Retype, word for word, every line of the records below starting at the one that contains "HAYABUSA REVAMPED WITH" and ending at the one that contains "Birch Logs |"; include both of those lines and nothing more.

-- MATERIAL FOR THIS TASK --
--
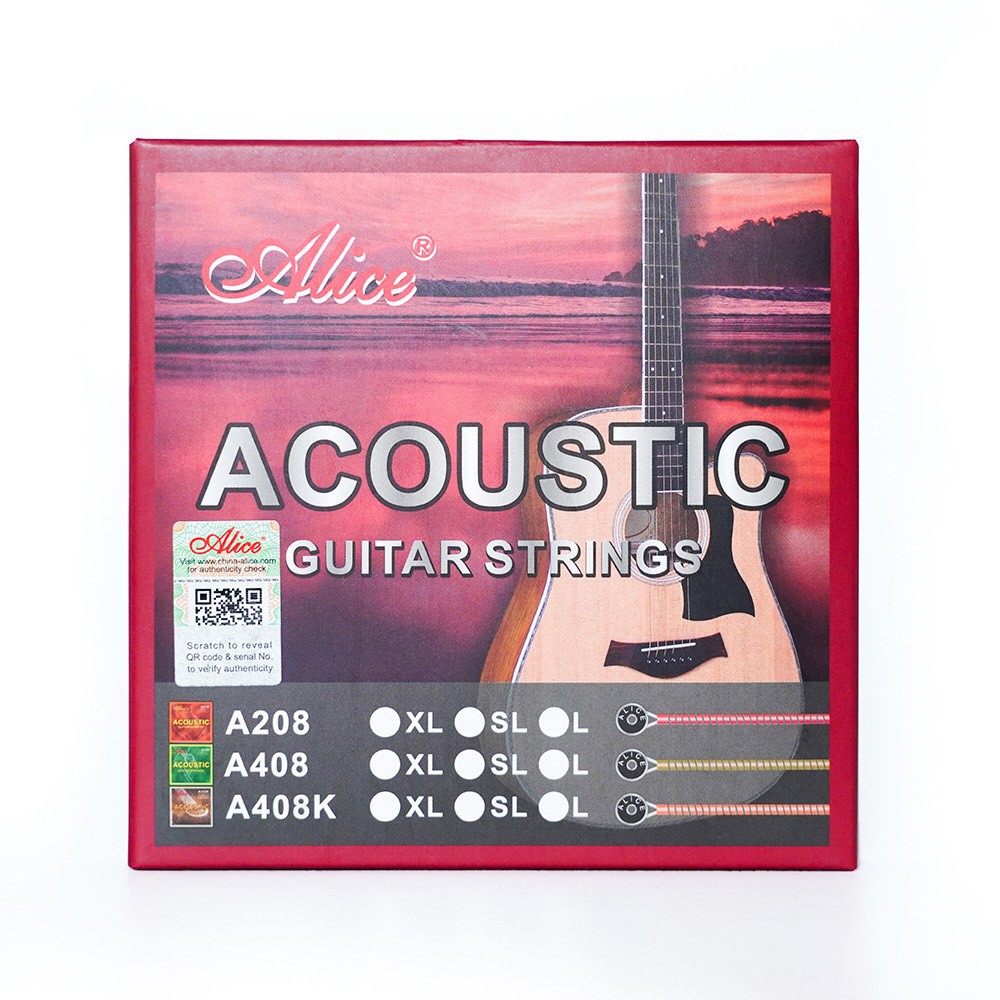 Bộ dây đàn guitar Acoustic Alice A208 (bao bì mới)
--
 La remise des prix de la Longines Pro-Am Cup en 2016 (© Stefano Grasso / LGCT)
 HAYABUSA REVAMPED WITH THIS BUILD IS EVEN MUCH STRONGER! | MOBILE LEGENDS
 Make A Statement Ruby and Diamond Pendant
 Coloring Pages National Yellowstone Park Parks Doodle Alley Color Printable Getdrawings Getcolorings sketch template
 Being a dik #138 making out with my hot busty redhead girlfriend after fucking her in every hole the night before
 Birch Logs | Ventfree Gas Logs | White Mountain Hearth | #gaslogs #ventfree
--
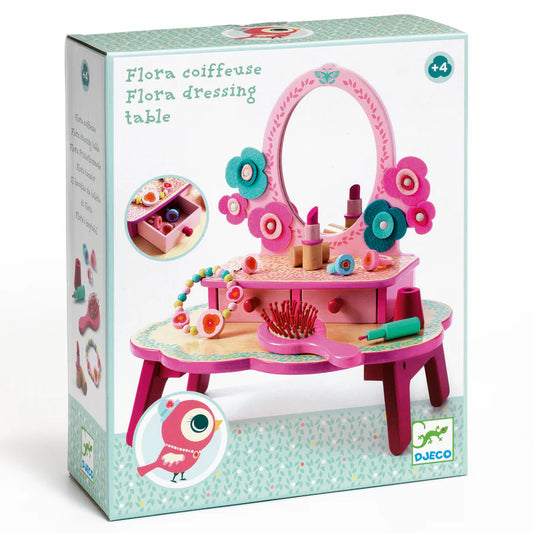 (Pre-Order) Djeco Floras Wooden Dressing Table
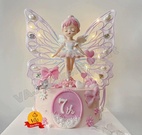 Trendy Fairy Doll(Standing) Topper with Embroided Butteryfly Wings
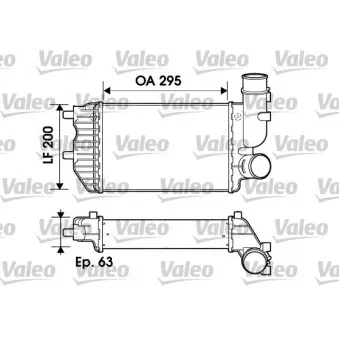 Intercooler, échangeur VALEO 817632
--
-- OUTPUT --
 HAYABUSA REVAMPED WITH THIS BUILD IS EVEN MUCH STRONGER! | MOBILE LEGENDS
 Make A Statement Ruby and Diamond Pendant
 Coloring Pages National Yellowstone Park Parks Doodle Alley Color Printable Getdrawings Getcolorings sketch template
 Being a dik #138 making out with my hot busty redhead girlfriend after fucking her in every hole the night before
 Birch Logs | Ventfree Gas Logs | White Mountain Hearth | #gaslogs #ventfree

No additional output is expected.